The Youngest Son and the Hand of the Princess
The Youngest Son and the Hand of the Princess
Because youngest sons always succeed and the older brothers don't
Long ago in a land ruled by a great and mighty king, there lived a widow and her three sons. Now none of these sons were married and were quite handsome and hard working, except for the youngest. He was rather foolish and would often sleep when he ought to work. Now the king had a daughter who was fair to look upon and many had come to claim her hand in marriage, but the king wasn't ready to give her to them; until one day he sent out a decree saying that his daughter's hand in marriage would be given to the man who could pass the tests set before him.

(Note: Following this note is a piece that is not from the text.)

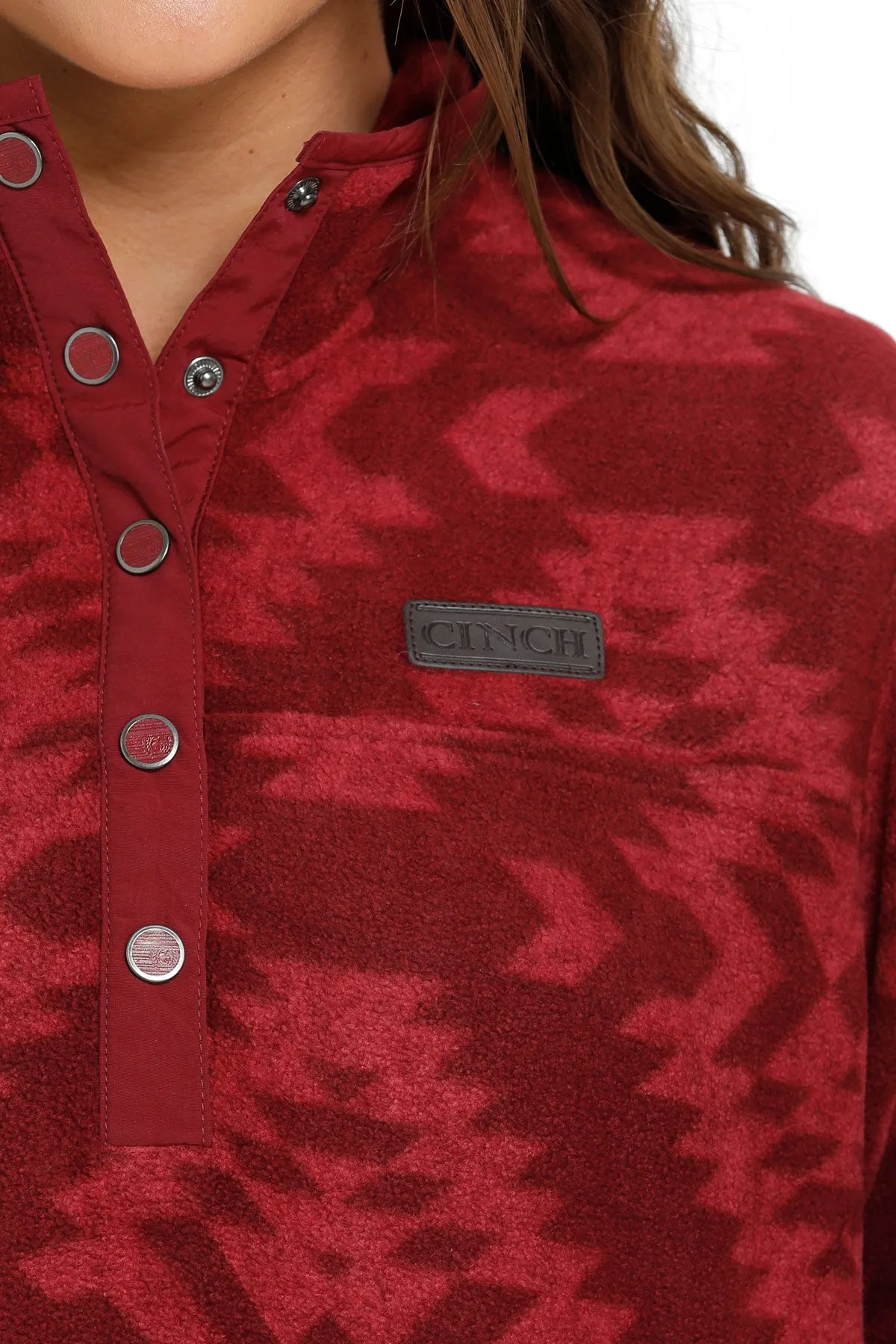 Cinch Women's Red Southwest Polar Fleece Pullover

Now the first son came to his mother and begged her blessing, that he might depart and win her hand and come again home. She granted his wish and she baked his bread and he saddled his horse and rode away. After awhile, he came upon an old woman in the way and she begged a few coins, or, if he had any, some bread. He frowned and counting his money apologized that he had not enough to spare, for he must have money to put himself up in the inn and there was only enough food for the journey. So he took his leave and left the old woman behind.

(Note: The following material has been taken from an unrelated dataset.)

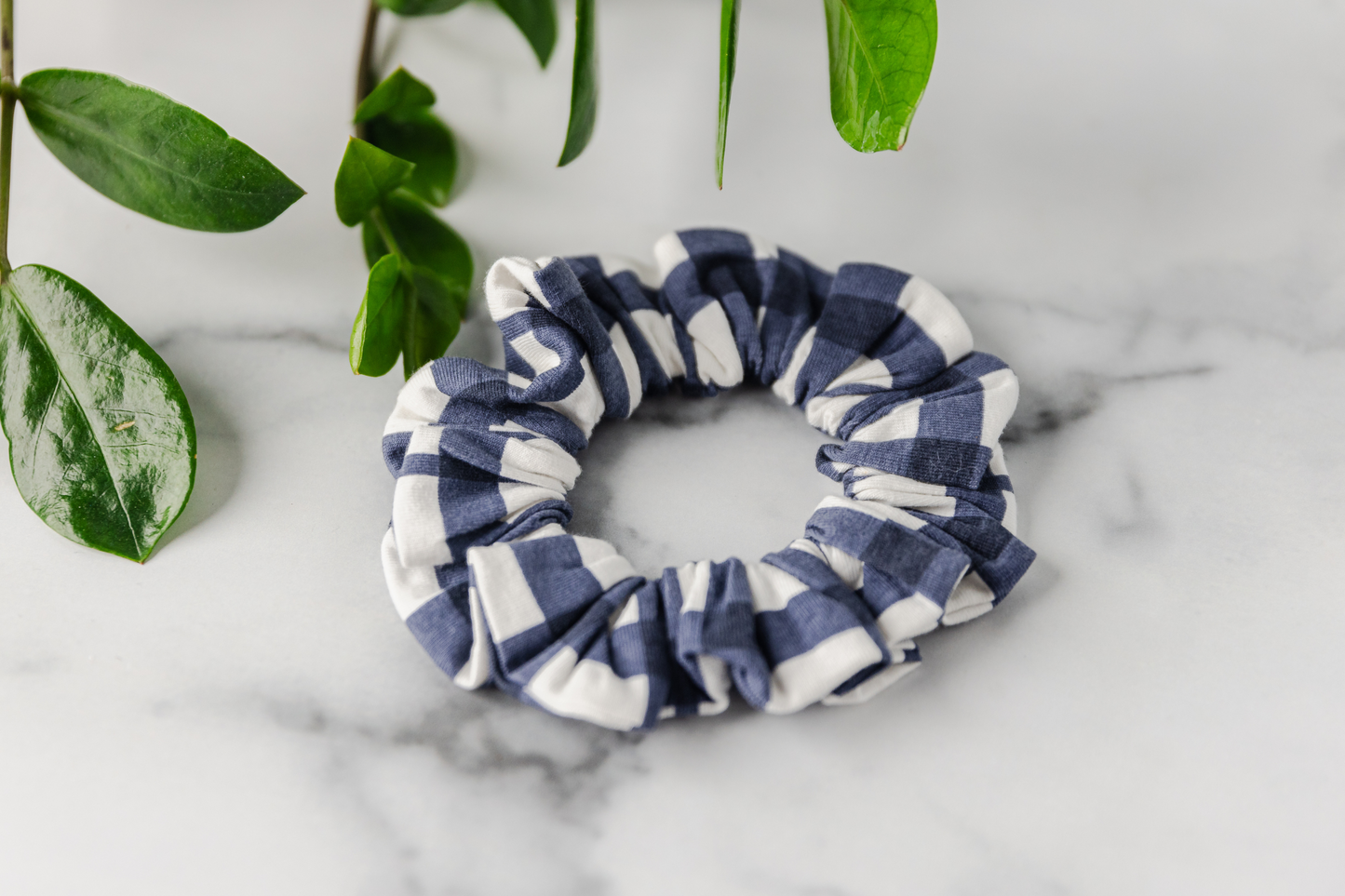 Blue Gingham Scrunchie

He arrived at the inn and went to put his horse in the stables. Once he had unsaddled it he turned to leave and just then, a mouse scurried over and begged him to give him refuge from the cat. He looked at the cat and said that the cat needed to eat, too, and he left. The next morning, he saddled his horse and rode away, and soon he came upon the castle. Upon being let in, he found the halls crowded as suitors came to win the hand of the fair princess. Just as he got in line, a maid hurrying past tripped and dropped all the goblets off of her tray, shattering them. He watched as she began cleaning it up, but the whole time she watched him and at last said, 'Will you not help me?' And he said, 'You clumsy girl. If you dropped them, you should pick them up.' And turned away.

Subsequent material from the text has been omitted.